Why data with smaller size than CPU word size need to be aligned at multiple of its size?

Question

Let's assume a 32-bit CPU and 2-byte short. I know 4-byte int needs to be aligned at address multiple of 4 to avoid extra reads.

Questions:

1. If a short is stored at 0x1, the CPU can still read from 0x0 in one operation. So, why do shorts need to be aligned at an address multiple of 2?
2. If a short is stored at 0x2, why would it considered aligned and efficient since the CPU can only read from 0x0 and discard the first two bytes?

There is a question that is very similar to this, however, the answer only tells us the alignment requirement is the same for short in the struct and the standalone variable. There is also a comment with 2 upvotes saying:

On many machines, accessing an N-byte quantity (at least for N in {1, 2, 4, 8, 16}) works most efficiently when the quantity is N-byte aligned. It's the way life is; get used to it because I doubt that chip manufacturers are going to change it just because you think it isn't the way it should be.

But why?

Answer 1

Most machines are designed with memory that is addressed using a combination of a "words" address that identifies a group of two or more bytes, along with byte-select lines that indicate which bytes within a word are being accessed. When performing operations that are a word or smaller, all bytes within a word can be accessed simultaneously. Operations larger than a word will always need to be split into multiple operations, and most CPUs won't care about alignment of any chunks larger than the word size; some CPUs may be able to split word-size-or-smaller operations that would require accessing parts of two consecutive words into smaller operations, but that ability is not universal.

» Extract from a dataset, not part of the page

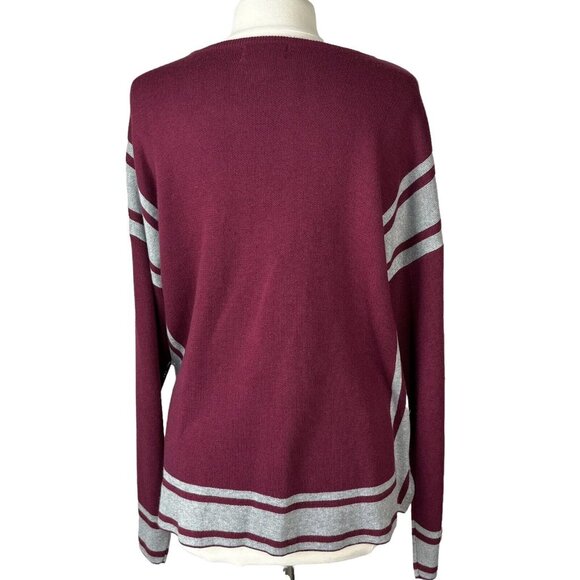 Liz Claiborne Pull Over Sweater Womens XL Burgundy Gray New Soft - Picture 2 of 8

The standard guarantees that for any power of two, N, a multiple-of-N offset into an allocation which is suitably aligned for N-byte objects will yield an address which is suitably aligned for N-byte objects. It does not guarantee that platforms with smaller words sizes will tolerate looser alignments because:

1. The Standard deliberately waives jurisdiction over non-portable constructs.

2. Implementations which want to offer stronger guarantees are free to do, and compiler writers that want to uphold the Spirit of C will do so absent any reason to do otherwise.

3. Even on 8-bit platforms, there may be advantages to requiring word alignment, even though ironically I'm not aware of any implementations ever doing so in the 8-bit platforms where it would have been most useful. For example, on the Z80, the common way to load DE with a 16-bit value whose address is in HL would be:

    mov e,(HL)
    inc hl
    mov d,(hl)
   

but if HL was known to be even, the second instruction could be replaced by inc l, which would be two cycles faster, cutting the total time from 20 cycles to 18. Not a huge performance win, but if an application wouldn't ever use odd addresses for word-sized values, it would represent "low-hanging fruit".